2) Ask the butcher! If you have a butcher available to you, ask him/her to slice the beef for you in 1/4″ to 1/8″ strips (if you like leathery jerky, cut with the grain of the meat; if you want it easier to chew, cut against the grain of the meat).
3) Cut and trim the beef. If no butcher is available (or you can’t trust the the slicer is free of gluten), take the meat home and freeze it for about an hour (this will make it firm and easier to slice). Slice the meat into 1/4″ or 1/8″ strips, with or against the grain (see step 2) and remove as much fat as possible (and I never discard the fat…I use it to make cream of beef soup base with coconut milk!)

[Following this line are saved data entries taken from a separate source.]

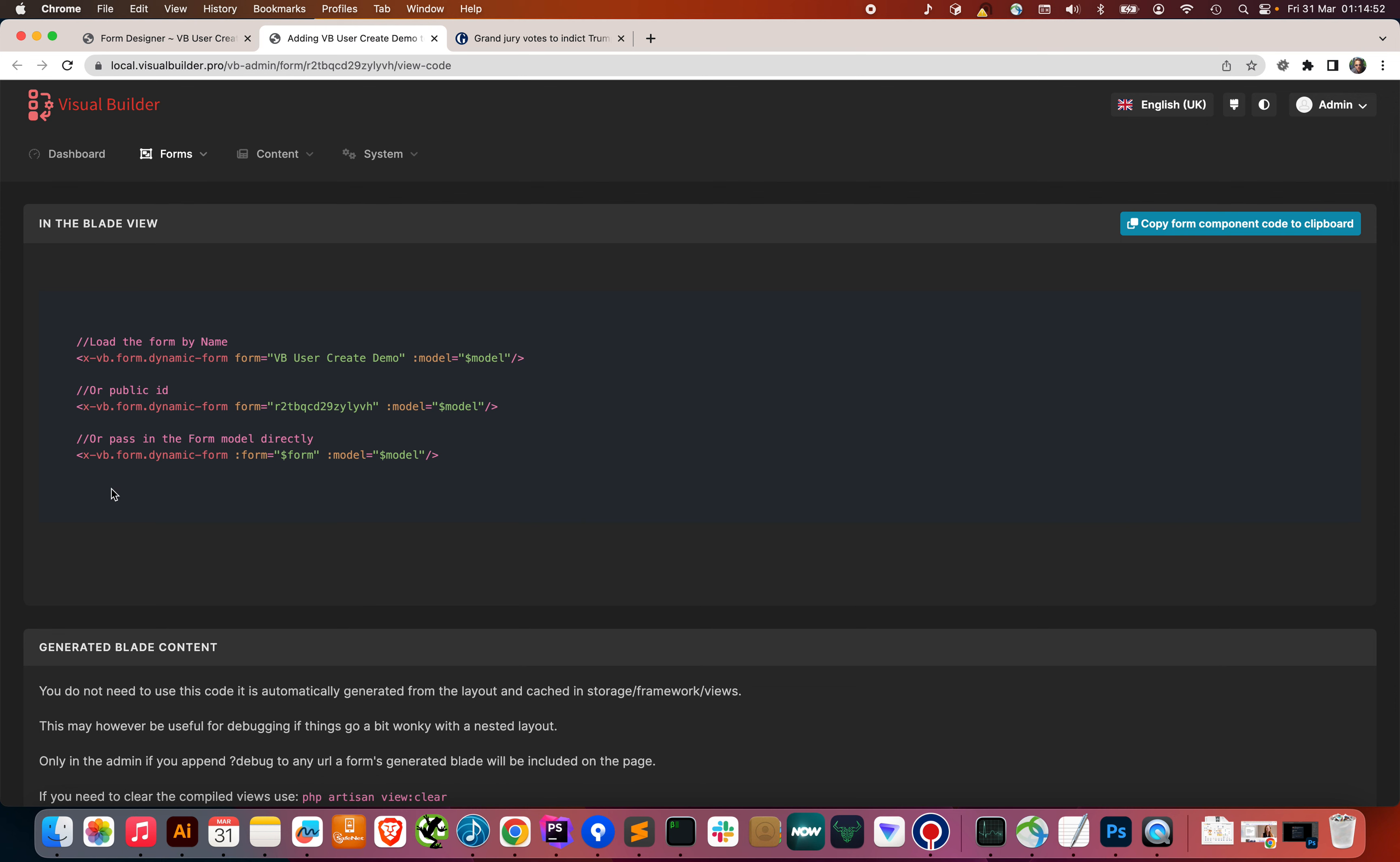In the blade view, we're going to put in XVB form, dynamic form, pass in the form model. Now, we can either load that model in the controller, or we can do it directly in the blade view and pass in the name or the ID. All of the IDs in Visual Builder are using nano IDs, so that means when we export, all of the elements can be exported to JSON files for re-importing to a different system. With the nano ID, we've minimized the risk of there being a clash of IDs. We don't want form ID of one being able to import into another system and override an existing form. We use nano IDs, and then we can have unique IDs across the whole system.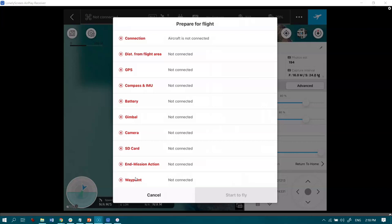And then when all these turn green, we hit start to fly and the drone goes off on its mission. So there we go. Super easy way to get mapping with your DJI drone.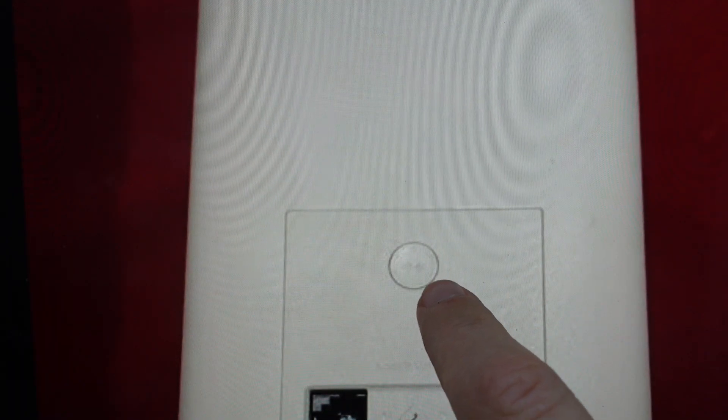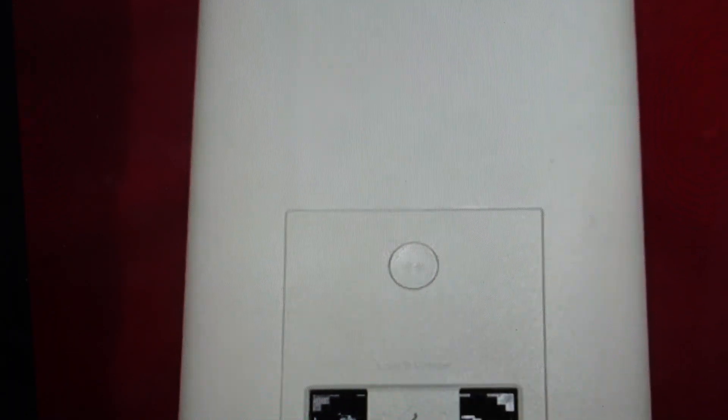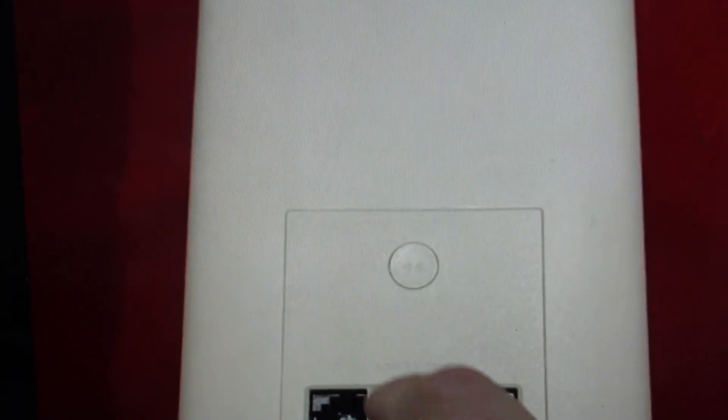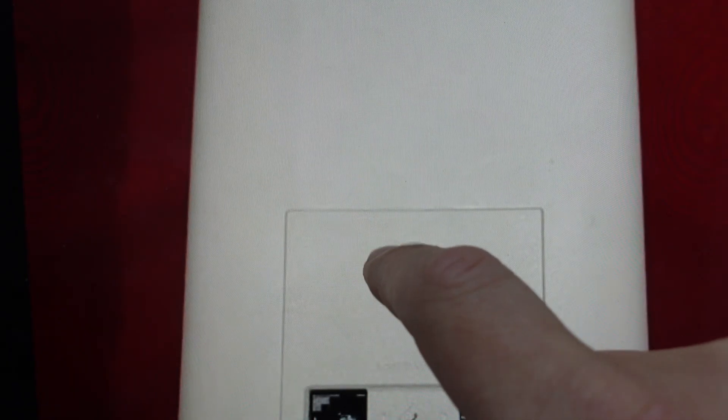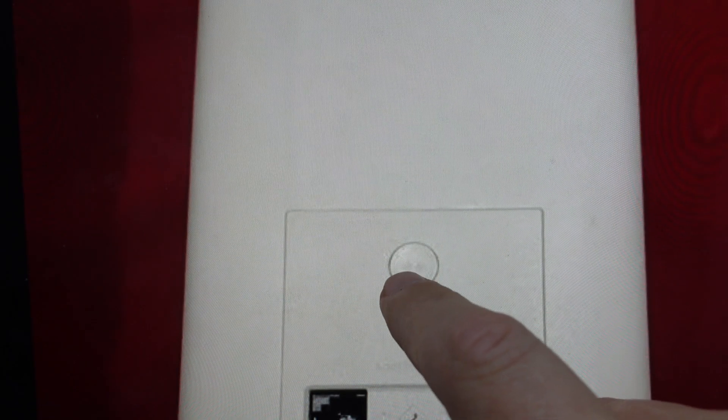Now we want to have power to it, and we're just going to come around to the back and find this WPS button above all the Ethernet ports right here. All we need to do is press and hold that button for at least 30 seconds and then release it.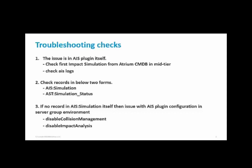Now the next step: if there is no record in AIS simulation form, then the issue is mostly with the AIS plugin configuration in server group. First we need to check if disableCollisionManagement and disableImpactAnalysis are not disabled from centralized configuration in Smart IT.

4) Prepare the marinade. Use a medium ziploc bag for marinating the meat. In a small bowl, combine the ingredients of the marinade with a whisk: 2TB coconut aminos, 1 TB olive oil, 1 teaspoon ginger, 1/2 teaspoon garlic powder. Add the meat to the ziploc bag and then add the marinade. Seal the bag, ensuring all of the meat pieces are covered with the marinade. If more marinade is needed, repeat the process in the bowl and pour over the meat in the bag.

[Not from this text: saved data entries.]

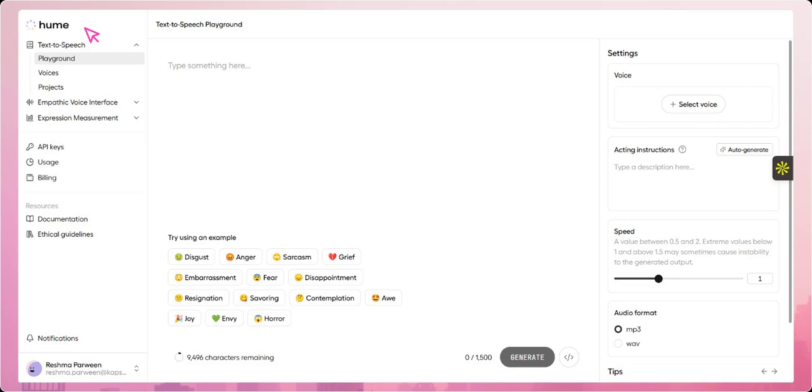In today's tutorial, we're going to explore Hume AI, an AI platform designed to analyze human emotion through voice, facial expressions, and text.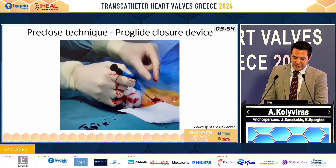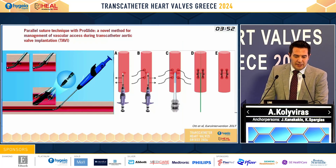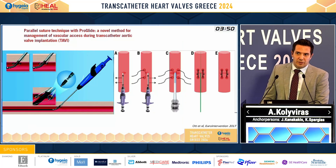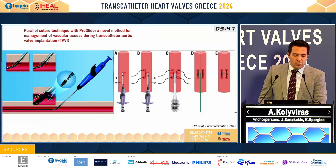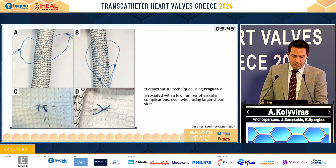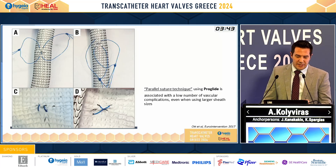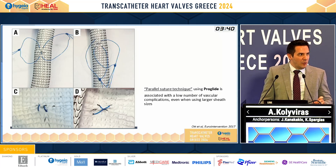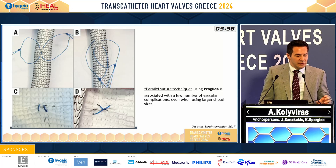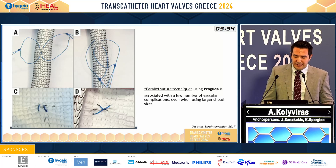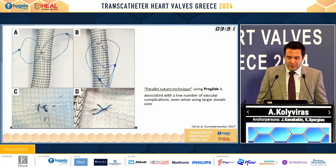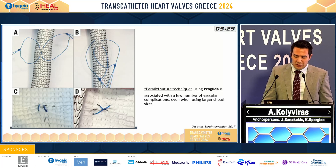This technique is at the beginning of our procedure. If we use a rotation of the ProGlide at 10 o'clock and 2 o'clock, we end up with a crossed suture. But our recommendation is to make a parallel suture technique — we don't have to rotate the ProGlide at the beginning, and with the parallel suture technique we have fewer vascular complications.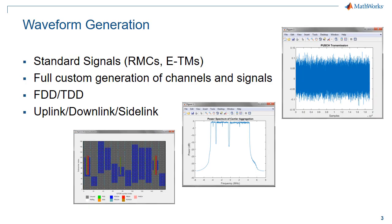You can generate standard compliant LTE waveforms that include downlink and uplink and sidelink processing and FDD and TDD duplexing modes.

5) Marinate. Place the bag inside of a larger bowl and marinate in the refrigerator for at least four hours, preferably overnight if possible. It’s best to turn the bag every few hours to ensure that all meat pieces have an even coating.
6) Prepare the dehydrator or oven. If you have a dehydrator, place it on the jerky setting (minimum 160 degrees) and line the bottom with foil or parchment paper. Prepare the trays with a light swipe of coconut oil or use the “sticky items” insert. If you don’t have dehydrator, you’ll want to create a rack inside your oven that will allow the meat to dry – for example, by use a cooling rack or roast rack to “drape” the marinated meat pieces (please be sure to line your oven with foil first!)

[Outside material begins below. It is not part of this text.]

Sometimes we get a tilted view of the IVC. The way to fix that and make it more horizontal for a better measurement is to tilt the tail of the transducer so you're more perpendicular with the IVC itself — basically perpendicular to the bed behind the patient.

7) Dehydrate the marinated beef. After the marinating process is complete, lay out the meat strips in a single layer, either on the dehydrator trays or across the oven racks. If using the oven, set the temperature at 170 degrees and prop the door open slightly with a wedge (a wooden spoon works great for this) so that the air can circulate and dry the meat. After 3 hours, flip the meat over (whether it’s in the dehydrator or oven). After 2 more hours, test the jerky to see if it’s done: you should be able to rip off a piece, not break off a piece (indicates it’s over-dry). It will likely need another hour to dry, depending on the thickness of the meat.
8) Enjoy! Once dried, place into an airtight container and hide from all members of the family, if you dare. 🙂 It should last for a long while in the refrigerator; if you can vacuum seal it, you should be able to enjoy it un-refrigerated for up to six months (I wouldn’t know since ours doesn’t even last a week!)